Restate word for word the entries below, starting with the line with "SOUDURE METALTECH INC" and continuing through the line with "Tamil Muslim Matrimony Groom Profile-59479". Include both of those lines and no others.
↓↓↓
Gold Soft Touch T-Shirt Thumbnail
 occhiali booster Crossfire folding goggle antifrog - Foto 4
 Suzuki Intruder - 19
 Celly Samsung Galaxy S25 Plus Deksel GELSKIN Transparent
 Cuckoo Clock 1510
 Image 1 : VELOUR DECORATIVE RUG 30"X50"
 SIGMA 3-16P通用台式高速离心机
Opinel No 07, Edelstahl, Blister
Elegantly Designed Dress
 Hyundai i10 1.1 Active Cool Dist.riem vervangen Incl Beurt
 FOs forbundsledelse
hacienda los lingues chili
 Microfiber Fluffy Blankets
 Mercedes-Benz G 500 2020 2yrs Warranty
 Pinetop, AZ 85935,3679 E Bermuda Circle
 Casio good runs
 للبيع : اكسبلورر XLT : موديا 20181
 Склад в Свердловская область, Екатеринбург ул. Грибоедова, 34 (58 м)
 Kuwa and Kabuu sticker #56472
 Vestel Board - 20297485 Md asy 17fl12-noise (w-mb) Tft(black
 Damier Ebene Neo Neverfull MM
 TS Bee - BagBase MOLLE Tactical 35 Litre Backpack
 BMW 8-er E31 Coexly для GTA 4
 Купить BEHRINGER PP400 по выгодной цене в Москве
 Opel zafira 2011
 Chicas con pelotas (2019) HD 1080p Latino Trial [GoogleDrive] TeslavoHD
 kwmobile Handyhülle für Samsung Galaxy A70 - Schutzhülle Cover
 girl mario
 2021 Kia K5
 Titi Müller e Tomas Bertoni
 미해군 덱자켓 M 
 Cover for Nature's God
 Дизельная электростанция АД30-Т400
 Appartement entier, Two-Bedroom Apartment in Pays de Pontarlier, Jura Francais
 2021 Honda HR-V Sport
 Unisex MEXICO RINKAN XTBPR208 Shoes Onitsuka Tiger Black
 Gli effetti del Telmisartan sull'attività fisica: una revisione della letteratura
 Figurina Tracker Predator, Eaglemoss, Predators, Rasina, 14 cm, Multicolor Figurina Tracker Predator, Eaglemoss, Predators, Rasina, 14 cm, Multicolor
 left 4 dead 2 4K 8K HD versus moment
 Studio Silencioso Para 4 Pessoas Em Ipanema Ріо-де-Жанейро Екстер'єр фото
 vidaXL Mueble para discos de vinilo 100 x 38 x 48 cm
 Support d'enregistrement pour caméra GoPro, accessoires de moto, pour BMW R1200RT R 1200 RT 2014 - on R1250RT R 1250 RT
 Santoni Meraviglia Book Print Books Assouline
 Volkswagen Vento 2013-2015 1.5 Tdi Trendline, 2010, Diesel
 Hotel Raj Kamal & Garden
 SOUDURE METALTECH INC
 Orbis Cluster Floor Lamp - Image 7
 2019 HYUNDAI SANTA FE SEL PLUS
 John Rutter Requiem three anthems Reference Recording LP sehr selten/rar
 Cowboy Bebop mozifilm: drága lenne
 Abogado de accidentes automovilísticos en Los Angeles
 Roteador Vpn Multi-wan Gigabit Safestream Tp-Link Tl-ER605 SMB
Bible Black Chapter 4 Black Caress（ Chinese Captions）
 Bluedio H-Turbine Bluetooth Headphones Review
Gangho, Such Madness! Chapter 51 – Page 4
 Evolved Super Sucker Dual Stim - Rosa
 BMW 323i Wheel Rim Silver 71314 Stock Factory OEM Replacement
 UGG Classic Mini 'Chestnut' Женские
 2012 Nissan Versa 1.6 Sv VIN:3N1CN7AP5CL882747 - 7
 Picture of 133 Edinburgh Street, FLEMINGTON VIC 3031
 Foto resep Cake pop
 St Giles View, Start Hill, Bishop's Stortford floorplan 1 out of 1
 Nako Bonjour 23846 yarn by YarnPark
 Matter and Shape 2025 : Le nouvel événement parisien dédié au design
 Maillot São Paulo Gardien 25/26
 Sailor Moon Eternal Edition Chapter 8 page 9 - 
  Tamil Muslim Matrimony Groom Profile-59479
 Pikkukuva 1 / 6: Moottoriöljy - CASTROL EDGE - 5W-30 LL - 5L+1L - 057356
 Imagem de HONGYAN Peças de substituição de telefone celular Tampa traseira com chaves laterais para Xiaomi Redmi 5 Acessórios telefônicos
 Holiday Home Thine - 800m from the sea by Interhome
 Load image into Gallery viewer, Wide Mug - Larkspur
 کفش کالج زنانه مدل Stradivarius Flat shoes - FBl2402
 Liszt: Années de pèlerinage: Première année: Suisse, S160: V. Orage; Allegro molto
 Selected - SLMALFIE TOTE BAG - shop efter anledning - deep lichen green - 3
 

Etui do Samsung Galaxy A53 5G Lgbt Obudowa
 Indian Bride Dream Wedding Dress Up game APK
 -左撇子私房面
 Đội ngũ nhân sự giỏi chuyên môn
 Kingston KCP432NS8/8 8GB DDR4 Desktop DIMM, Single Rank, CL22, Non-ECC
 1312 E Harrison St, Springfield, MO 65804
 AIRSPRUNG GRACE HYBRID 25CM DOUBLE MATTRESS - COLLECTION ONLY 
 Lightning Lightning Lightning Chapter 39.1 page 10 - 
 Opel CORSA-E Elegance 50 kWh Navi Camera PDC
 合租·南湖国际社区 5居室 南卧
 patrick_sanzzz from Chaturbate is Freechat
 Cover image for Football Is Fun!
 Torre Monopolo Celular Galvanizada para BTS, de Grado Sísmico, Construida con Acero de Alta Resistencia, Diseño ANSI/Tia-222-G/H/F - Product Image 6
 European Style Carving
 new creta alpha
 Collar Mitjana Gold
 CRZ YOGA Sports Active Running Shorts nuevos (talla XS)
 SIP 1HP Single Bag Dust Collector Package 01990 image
↑↑↑
§ **Output for this exercise**:
 SOUDURE METALTECH INC
 Orbis Cluster Floor Lamp - Image 7
 2019 HYUNDAI SANTA FE SEL PLUS
 John Rutter Requiem three anthems Reference Recording LP sehr selten/rar
 Cowboy Bebop mozifilm: drága lenne
 Abogado de accidentes automovilísticos en Los Angeles
 Roteador Vpn Multi-wan Gigabit Safestream Tp-Link Tl-ER605 SMB
Bible Black Chapter 4 Black Caress（ Chinese Captions）
 Bluedio H-Turbine Bluetooth Headphones Review
Gangho, Such Madness! Chapter 51 – Page 4
 Evolved Super Sucker Dual Stim - Rosa
 BMW 323i Wheel Rim Silver 71314 Stock Factory OEM Replacement
 UGG Classic Mini 'Chestnut' Женские
 2012 Nissan Versa 1.6 Sv VIN:3N1CN7AP5CL882747 - 7
 Picture of 133 Edinburgh Street, FLEMINGTON VIC 3031
 Foto resep Cake pop
 St Giles View, Start Hill, Bishop's Stortford floorplan 1 out of 1
 Nako Bonjour 23846 yarn by YarnPark
 Matter and Shape 2025 : Le nouvel événement parisien dédié au design
 Maillot São Paulo Gardien 25/26
 Sailor Moon Eternal Edition Chapter 8 page 9 - 
  Tamil Muslim Matrimony Groom Profile-59479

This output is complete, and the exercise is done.